Board member Ben Small, who is board liaison to the borough’s Human Relations Commission (HRC), said an appropriate phrase has come out of HRC discussions and meetings.
“We can be better allies,” he said.
Small said the BOE is governed by the Harassment, Intimidation and Bullying Bill of Rights Act passed in 2011. He read excerpts of the legislation at the meeting.
“The last two weeks have been sobering for us all, for the local community and country,” he said. “We can be better allies and do a lot better. I reference [this] legislation because we govern by that and what it tells me is that we’re failing collectively as a community and as an organization.”
Small said the district’s failings and shortcomings are evident from the stories heard on the recent Zoom call and the correspondence received by the superintendent.
“We need a lot of work and not just in one area, curriculum, how we treat each other in general has a long way to go,” he said.
Hazel-Anne Johnson-Marcus, co-chair of the HRC, said the commission was formed to raise awareness around human rights issues and work towards fostering an inclusive sense of community in the borough.
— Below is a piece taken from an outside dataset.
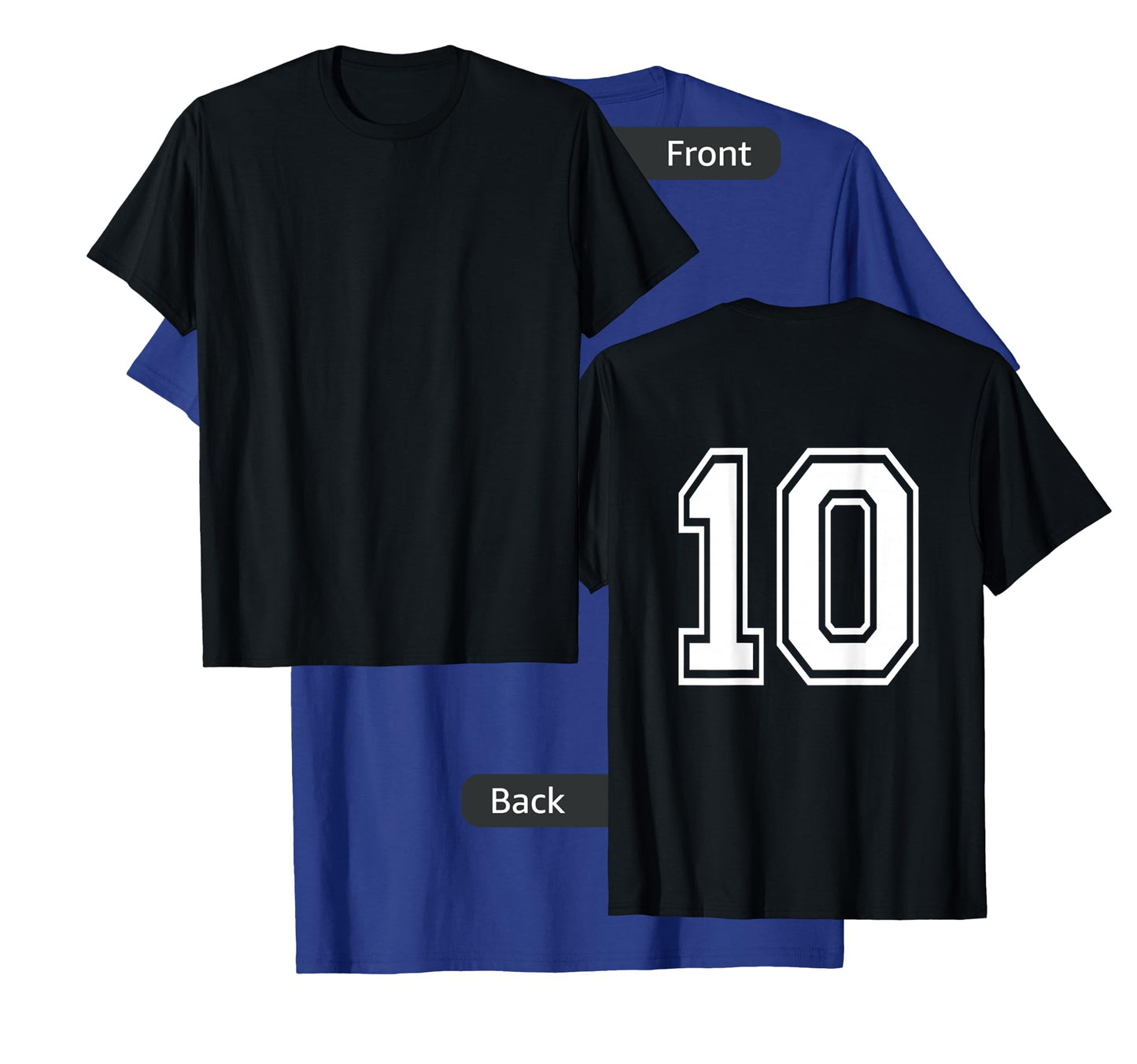 Number 10 Shirt Sports Player Number BACK of Shirt T-Shirt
She said since the events in Minneapolis, members of the commission have been working together to ensure all community members feel appreciated and welcome in the borough. She said the HRC is encouraged the district is including black voices in the curriculum and addressing systemic racism head on.
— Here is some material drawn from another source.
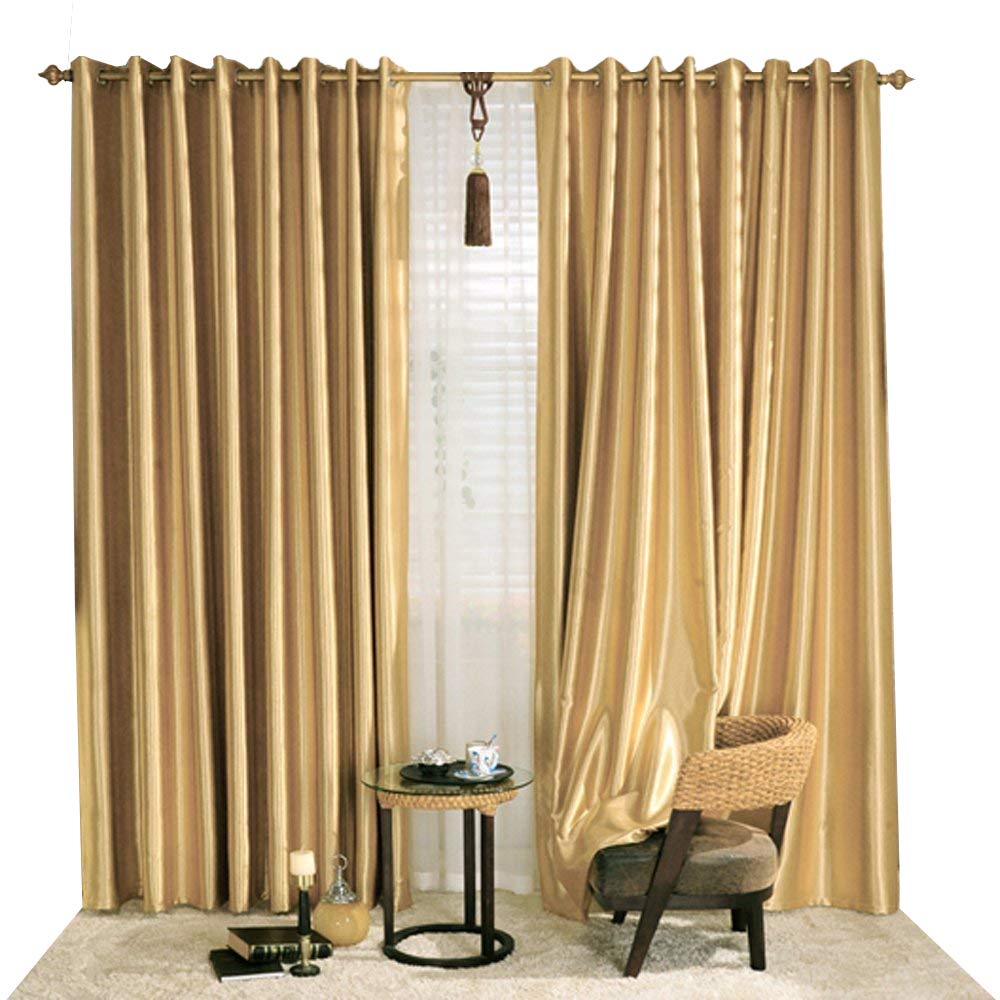 Book Cover KoTing Blackout Golden Curtain Drape for Bedroom 1 Panel Gorgeous Solid Gold Curtain Grommet Top Drapes 84 inch Long 42 84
The HRC includes two Metuchen High School students, senior Jordan Valliquette and junior Max Rubin.
The HRC organized a peaceful protest and rally for social justice on June 13 at the Martin Luther King Jr. Memorial Park with NAACP (National Association for the Advancement of Colored People) of Metuchen-Edison, student groups led by MHS4BLM (Metuchen High School for Black Lives Matter) and local organizers with Speak Up NJ. The event was coordinated with the approval of the borough and Metuchen Police Department.
The event included statements from local community organizers, students and borough officials and information stations with voter registration.
This was the second event held in Metuchen. The first event was held on May 31 with the support of the NAACP and the National Organization of Black Law Enforcement, which drew 300 people.